### Your assignment
Your output should be the lines of the data that follow, reproduced exactly from the first through the line bearing "Rosenknoppspelargon ’’Apple Blossom Rosebud’".

### Input data

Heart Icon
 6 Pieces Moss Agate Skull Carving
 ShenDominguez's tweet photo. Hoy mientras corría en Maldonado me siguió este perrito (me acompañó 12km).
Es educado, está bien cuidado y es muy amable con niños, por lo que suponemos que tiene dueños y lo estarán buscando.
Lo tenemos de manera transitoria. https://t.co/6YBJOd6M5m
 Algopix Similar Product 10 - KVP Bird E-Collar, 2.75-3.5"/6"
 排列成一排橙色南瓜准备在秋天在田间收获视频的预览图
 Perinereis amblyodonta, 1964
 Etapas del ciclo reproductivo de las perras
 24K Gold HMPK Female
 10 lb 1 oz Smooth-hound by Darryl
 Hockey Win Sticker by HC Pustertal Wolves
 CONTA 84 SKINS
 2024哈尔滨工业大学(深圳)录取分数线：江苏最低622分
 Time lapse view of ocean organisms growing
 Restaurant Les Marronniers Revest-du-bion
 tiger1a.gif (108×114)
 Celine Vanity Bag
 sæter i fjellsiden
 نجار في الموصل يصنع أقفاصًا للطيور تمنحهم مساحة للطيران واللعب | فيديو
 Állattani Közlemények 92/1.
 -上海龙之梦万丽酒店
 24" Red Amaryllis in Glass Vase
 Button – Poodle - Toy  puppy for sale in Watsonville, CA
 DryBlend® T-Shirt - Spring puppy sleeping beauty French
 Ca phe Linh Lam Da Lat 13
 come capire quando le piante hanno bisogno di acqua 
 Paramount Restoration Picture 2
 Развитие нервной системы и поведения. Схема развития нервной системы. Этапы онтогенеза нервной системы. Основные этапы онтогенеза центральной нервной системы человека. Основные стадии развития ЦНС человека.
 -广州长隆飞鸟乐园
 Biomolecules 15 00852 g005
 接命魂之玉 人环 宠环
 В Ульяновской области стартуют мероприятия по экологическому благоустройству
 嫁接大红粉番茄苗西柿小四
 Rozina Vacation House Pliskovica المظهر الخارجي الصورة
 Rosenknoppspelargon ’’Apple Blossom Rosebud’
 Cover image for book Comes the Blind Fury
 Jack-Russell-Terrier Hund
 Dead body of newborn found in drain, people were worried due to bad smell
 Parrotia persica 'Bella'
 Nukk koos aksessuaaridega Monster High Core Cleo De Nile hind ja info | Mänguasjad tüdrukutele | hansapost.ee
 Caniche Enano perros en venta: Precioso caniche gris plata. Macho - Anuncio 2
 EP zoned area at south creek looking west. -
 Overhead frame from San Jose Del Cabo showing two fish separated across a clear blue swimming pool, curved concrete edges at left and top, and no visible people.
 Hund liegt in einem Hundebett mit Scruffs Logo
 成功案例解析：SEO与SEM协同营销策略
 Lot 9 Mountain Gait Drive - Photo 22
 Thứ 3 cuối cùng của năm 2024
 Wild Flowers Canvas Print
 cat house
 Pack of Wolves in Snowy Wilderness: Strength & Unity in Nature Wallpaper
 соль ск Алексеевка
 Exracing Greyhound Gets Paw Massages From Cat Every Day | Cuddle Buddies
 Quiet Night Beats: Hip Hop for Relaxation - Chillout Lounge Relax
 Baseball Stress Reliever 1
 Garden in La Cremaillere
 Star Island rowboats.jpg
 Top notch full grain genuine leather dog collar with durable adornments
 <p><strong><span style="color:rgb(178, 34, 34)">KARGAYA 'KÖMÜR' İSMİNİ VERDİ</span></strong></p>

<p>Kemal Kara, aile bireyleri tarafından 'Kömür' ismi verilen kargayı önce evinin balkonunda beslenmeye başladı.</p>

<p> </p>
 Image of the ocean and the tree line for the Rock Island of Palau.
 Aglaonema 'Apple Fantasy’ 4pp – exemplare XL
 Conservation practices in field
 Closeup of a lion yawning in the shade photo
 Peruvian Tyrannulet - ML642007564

### Solution for this problem
Heart Icon
 6 Pieces Moss Agate Skull Carving
 ShenDominguez's tweet photo. Hoy mientras corría en Maldonado me siguió este perrito (me acompañó 12km).
Es educado, está bien cuidado y es muy amable con niños, por lo que suponemos que tiene dueños y lo estarán buscando.
Lo tenemos de manera transitoria. https://t.co/6YBJOd6M5m
 Algopix Similar Product 10 - KVP Bird E-Collar, 2.75-3.5"/6"
 排列成一排橙色南瓜准备在秋天在田间收获视频的预览图
 Perinereis amblyodonta, 1964
 Etapas del ciclo reproductivo de las perras
 24K Gold HMPK Female
 10 lb 1 oz Smooth-hound by Darryl
 Hockey Win Sticker by HC Pustertal Wolves
 CONTA 84 SKINS
 2024哈尔滨工业大学(深圳)录取分数线：江苏最低622分
 Time lapse view of ocean organisms growing
 Restaurant Les Marronniers Revest-du-bion
 tiger1a.gif (108×114)
 Celine Vanity Bag
 sæter i fjellsiden
 نجار في الموصل يصنع أقفاصًا للطيور تمنحهم مساحة للطيران واللعب | فيديو
 Állattani Közlemények 92/1.
 -上海龙之梦万丽酒店
 24" Red Amaryllis in Glass Vase
 Button – Poodle - Toy  puppy for sale in Watsonville, CA
 DryBlend® T-Shirt - Spring puppy sleeping beauty French
 Ca phe Linh Lam Da Lat 13
 come capire quando le piante hanno bisogno di acqua 
 Paramount Restoration Picture 2
 Развитие нервной системы и поведения. Схема развития нервной системы. Этапы онтогенеза нервной системы. Основные этапы онтогенеза центральной нервной системы человека. Основные стадии развития ЦНС человека.
 -广州长隆飞鸟乐园
 Biomolecules 15 00852 g005
 接命魂之玉 人环 宠环
 В Ульяновской области стартуют мероприятия по экологическому благоустройству
 嫁接大红粉番茄苗西柿小四
 Rozina Vacation House Pliskovica المظهر الخارجي الصورة
 Rosenknoppspelargon ’’Apple Blossom Rosebud’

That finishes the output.